Il petrolio fu, certamente, alla base del colpo di Stato del 1953 (Operazione Ajax), con cui gli anglo-americani rovesciarono il primo ministro iraniano Mohammad Mossadeq, reo di voler nazionalizzare la produzione di petrolio e di trattenere in patria una parte maggiore di quella ricchezza che defluiva verso Londra e Wall Street. Deposto Mossadeq, l’Iran dello scià Reza Phalavi si rimise però saldamente sui binari occidentali tanto che, a partire dal 1956 sino al 1963, quando le rivoluzioni nazionaliste infiammarono prima l’Egitto e poi la Siria, l’Iran fu un baluardo occidentale nella regione, caposaldo della “reazione”, fermamente impegnato a garantire un flusso costante di petrolio verso l’Occidente, stretto alleato di Israele e del Sud Africa dell’apartheid.

Eppure, eppure. Eppure l’Iran dello scià Rheza Palevi non piaceva agli anglosassoni e agli israeliani. Nonostante le costanti promesse di fedeltà all’Occidente, nonostante l’impegno di costituire uno dei cardini del “contenimento” anti-sovietico, nonostante gli onerosi acquisti di armi occidentali, nonostante i miliardi dilapidati affidandosi a società di consulenza americane e inglesi, l’Iran non piaceva. Le ingenue celebrazioni dello scià di Persia del 1971 per i 2.500 anni dalla fondazione dell’impero achemenide, ricche di rievocazioni storiche e di ogni sorta di sfarzo, devono essere sembrate fumo negli occhi agli anglosassoni, che infatti le accolsero con derisione e una certa sufficienza: ha davvero, lo scià, intenzione di resuscitare quella grande potenza non-semitica (a differenza dell’Arabia Saudita) che dominò il Medio Oriente? E come si collocherà, tale potenza, nello scacchiere internazionale?

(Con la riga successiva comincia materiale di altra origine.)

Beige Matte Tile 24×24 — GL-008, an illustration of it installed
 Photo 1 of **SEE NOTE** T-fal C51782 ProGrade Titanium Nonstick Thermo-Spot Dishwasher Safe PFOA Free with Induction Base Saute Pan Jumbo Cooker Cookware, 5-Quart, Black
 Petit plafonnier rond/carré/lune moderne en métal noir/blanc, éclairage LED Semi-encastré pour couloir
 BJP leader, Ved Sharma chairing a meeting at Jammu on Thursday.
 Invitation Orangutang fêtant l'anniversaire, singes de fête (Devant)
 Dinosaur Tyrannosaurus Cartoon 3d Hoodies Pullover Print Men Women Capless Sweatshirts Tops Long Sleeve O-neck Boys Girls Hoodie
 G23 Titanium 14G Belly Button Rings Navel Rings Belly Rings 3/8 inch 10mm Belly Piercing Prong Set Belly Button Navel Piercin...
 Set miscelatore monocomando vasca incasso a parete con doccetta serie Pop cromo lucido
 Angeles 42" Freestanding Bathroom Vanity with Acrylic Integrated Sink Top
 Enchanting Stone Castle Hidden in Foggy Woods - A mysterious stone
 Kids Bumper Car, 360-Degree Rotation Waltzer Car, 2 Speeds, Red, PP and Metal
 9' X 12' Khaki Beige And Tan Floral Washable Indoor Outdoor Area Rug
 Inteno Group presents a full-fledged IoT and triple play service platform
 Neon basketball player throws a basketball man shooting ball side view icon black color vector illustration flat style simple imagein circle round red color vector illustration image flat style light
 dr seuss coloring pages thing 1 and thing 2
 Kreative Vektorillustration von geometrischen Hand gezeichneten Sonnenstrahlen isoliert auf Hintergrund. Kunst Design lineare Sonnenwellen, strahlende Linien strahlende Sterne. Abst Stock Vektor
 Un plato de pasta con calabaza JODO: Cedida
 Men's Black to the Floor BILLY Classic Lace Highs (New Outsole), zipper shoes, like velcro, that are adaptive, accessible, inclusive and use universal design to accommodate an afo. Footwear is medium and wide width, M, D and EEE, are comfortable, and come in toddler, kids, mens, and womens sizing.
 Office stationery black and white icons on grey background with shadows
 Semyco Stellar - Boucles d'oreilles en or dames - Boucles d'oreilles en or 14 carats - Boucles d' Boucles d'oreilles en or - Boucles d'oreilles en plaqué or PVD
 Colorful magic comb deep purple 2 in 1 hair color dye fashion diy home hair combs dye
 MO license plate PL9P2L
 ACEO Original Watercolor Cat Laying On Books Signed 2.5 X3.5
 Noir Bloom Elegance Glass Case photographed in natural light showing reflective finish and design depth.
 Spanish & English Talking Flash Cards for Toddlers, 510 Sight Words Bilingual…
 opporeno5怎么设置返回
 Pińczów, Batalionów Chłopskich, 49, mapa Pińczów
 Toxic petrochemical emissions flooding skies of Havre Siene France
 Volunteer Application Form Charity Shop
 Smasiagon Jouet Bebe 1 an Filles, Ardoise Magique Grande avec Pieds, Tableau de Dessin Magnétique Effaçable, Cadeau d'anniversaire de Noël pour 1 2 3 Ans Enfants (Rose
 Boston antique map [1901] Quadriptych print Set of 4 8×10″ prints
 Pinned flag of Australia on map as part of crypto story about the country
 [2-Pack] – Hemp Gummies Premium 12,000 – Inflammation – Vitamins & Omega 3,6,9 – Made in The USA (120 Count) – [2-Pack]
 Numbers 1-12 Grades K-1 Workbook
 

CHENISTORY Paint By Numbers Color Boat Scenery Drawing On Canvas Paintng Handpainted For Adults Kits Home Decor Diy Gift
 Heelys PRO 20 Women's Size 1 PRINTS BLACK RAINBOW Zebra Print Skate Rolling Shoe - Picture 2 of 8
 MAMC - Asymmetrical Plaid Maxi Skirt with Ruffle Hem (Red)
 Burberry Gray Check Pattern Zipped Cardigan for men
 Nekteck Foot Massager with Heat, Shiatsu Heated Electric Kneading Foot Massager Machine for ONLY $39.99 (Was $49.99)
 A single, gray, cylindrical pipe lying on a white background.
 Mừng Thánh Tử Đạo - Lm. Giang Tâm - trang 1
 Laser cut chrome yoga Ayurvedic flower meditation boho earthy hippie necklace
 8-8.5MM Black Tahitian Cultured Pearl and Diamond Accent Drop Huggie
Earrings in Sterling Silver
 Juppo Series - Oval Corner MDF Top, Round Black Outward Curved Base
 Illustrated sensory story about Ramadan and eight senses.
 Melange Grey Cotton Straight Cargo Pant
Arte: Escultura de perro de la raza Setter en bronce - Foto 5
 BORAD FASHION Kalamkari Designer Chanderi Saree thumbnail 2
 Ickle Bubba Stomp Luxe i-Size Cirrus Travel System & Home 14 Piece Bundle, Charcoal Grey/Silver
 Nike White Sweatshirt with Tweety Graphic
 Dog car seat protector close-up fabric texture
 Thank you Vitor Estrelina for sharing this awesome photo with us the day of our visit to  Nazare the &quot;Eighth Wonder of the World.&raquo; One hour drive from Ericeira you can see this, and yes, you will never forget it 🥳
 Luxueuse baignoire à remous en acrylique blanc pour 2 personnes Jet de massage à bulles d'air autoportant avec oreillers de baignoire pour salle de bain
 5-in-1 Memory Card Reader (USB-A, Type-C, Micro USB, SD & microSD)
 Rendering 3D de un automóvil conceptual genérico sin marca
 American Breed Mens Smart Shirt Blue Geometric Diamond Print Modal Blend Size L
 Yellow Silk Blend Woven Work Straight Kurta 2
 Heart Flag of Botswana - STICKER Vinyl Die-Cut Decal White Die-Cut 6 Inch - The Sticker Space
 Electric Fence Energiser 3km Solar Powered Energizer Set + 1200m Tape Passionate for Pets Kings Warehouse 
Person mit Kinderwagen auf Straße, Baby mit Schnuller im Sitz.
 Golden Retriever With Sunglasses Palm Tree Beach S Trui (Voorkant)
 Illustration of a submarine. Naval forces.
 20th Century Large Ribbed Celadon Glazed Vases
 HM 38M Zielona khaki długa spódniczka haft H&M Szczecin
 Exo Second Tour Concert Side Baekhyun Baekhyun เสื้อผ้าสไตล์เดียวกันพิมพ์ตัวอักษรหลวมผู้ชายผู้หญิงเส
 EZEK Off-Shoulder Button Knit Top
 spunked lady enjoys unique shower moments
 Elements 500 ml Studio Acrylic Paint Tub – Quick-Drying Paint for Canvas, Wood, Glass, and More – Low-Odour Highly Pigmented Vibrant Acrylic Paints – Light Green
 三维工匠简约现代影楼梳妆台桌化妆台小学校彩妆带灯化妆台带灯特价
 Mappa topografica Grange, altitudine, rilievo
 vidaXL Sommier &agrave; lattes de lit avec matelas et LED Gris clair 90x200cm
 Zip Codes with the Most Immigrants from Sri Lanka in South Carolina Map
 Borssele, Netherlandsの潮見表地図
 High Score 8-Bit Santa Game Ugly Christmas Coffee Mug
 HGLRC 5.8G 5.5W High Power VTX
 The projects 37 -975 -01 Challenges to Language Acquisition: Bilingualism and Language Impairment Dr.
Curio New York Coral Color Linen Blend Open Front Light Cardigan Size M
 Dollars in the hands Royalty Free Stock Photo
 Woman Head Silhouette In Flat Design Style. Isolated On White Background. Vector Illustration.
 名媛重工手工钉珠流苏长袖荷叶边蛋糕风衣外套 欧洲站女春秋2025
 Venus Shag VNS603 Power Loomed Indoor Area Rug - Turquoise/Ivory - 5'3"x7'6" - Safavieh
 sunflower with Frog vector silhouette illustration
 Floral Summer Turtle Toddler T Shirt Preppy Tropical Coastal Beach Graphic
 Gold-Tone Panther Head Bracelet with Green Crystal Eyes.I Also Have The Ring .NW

Le memorie di Henry Kissinger sono la perfetta cartina di tornasole dei rapporti tra Iran ed Occidente: più lo scià prometteva fedeltà all’Occidente, maggiore era la diffidenza verso questa monarchia “alleata”, che progettava grandi investimenti ed un futuro da potenza industrializzata. I media occidentali non si fecero scrupoli a scaricare le colpe dello choc petrolifero del 1973 sullo scià, sebbene questi non avesse avuto alcun ruolo delle vicende della guerra del Kippur. Proprio nel 1973, si verificano in Iran le prime violente proteste, che portano all’incarcerazione del futuro ayatollah Khomeini. Sebbene lo scià professi la sua amicizia all’Occidente ed il più rigido laicismo, i media occidentali iniziano a dipingere i rivoluzionari sciiti come l’avvenire: puri, devoti alla causa, monacali, in sintonia con le masse ed i giovani. L’inconfessabile alleanza tra rivoluzionari islamici e occidentali diviene presto chiara allo scià, che denuncia: sotto la barba degli ayatollah, c’è l’emblema dell’MI6.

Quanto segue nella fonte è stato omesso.